We're living through the third installment of a depressing annual tradition: the summer slump
Summer is the season for blockbuster sequels. But even with millions of dollars in CGI and marketing, nothing at your local movie theater can match the country's most closely-watched repeat performance: the spectacular explosion of the US recovery.
In the first installment, the lights go on 2010. The economy has been growing for nine months. The stimulus act, boosted by temporary Census hiring, lifts job creation to a whopping 516,000 in May. But one month later, we lose 167,000 jobs. We lose 58,000 more the next month, followed by another 51,000 in August. By the end of the year, the stimulus is nearly exhausted. As the year enters its final frames, something strange happens. The economy shows signs of lasting life. We did it everybody. Roll credits on the Great Recession ...
... not so fast. Lights up on 2011, and we're greeted with a flourish of optimism. Jim O'Neill, Goldman Sachs's celebrated Asset Management director, sees 2011 as "the year of the USA." Economic forecasters are doing can-cans on cable TV. Corporations are swimming in cash, they proclaim. Home prices have nearly hit bottom. The real estate recovery is right around the corner. But, with the Census long gone, the role of summer spoiler is played by oil prices and petty politics. Revolutions and supply disruptions sweep the oil-producing world while oil demand steadily pushes up gas prices $4 a gallon. Congress, locked in a fierce tragi-comic debate over whether the United States should default on its debt, does less than nothing to help the weak private sector. For the second straight year, monthly job creation falls from the mid-200,000s to below the rate of population growth by summertime. But wait ... as the year enters its final frames, something familiar happens. GDP picks up. Job growth accelerates. The consumer is back!
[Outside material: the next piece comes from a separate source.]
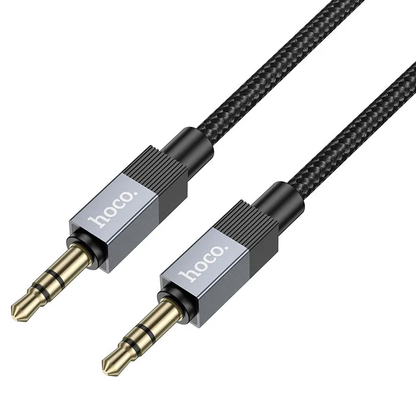 Cavo Audio 3.5mm - 3.5mm HOCO UPA32, 1m, Nero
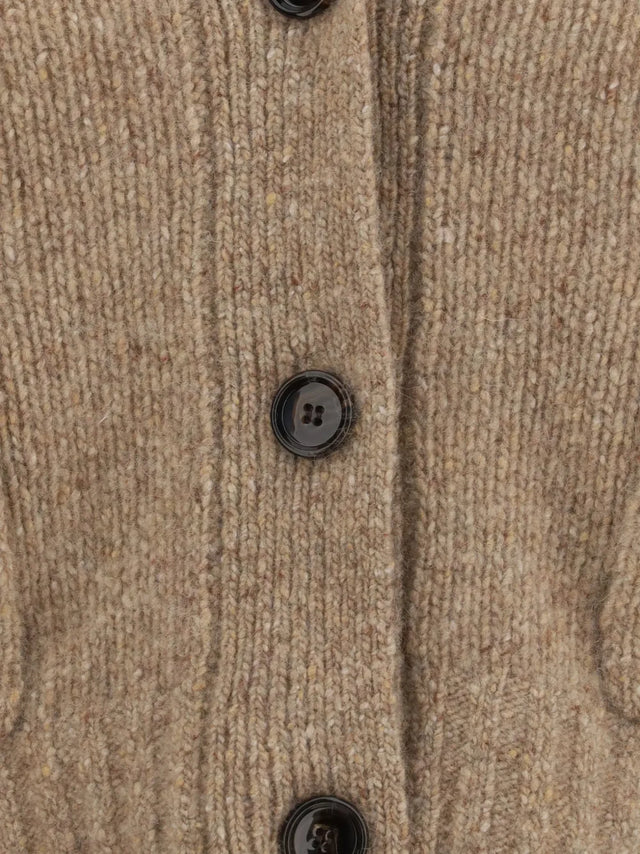 Cardigan beige Allude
Except, not. In the final installment of this trilogy (or are they remakes?) 2012 kicks off with a heartfelt homage to 2011. For the second consecutive year, manufacturing roars in the opening months, the economy adds more than 200,000 jobs in straight months, the Dow breaks 12,000, and TV pundits break out their high-kicks and confetti cannons. And, predictably, it all goes to hell. This time, a few different actors play the role of economy-killer, including: China, India, and Brazil, with a special performance by the entire miserable economy of Europe. Once again, Recovery Winter thaws. Once again, job creation in early summer has some economists whispering about a double-dip recession. Once again, the indebted private sector, once presumed to be healthy enough to ride out this recovery alone, wilts in the summer at the first sign of trouble.
This is a trilogy about debt. A fifth of American homes are still underwater, consumers are still depressed, and demand -- for homes, for cars, for debt, for stuff -- is still restrained. Every year, we believe the US economy has achieved escape velocity. We use this false belief to rationalize away the need for fiscal or monetary stimulus. Every year, every summer, as if on schedule, we're proved wrong. The spring ends and we see the recovery for what it truly is: a rickety economy, filled with debt and fear, surrounded by economic crises.
Americans consider our economy superheroic, but the vaunted U.S. private sector is not the superhero in these movies. It's the weakling, the endangered victim, the damsel in distress. It still need to be saved, and where are the hero figures most capable of saving it? The Federal Reserve has balked at another round of quantitative easing, and Washington is busy hailing work and productivity while exhibiting neither.
Like any blockbuster disaster film, this series unfortunately appears to have a good deal of iterative potential. Welcome to the Re-re-re-recovery.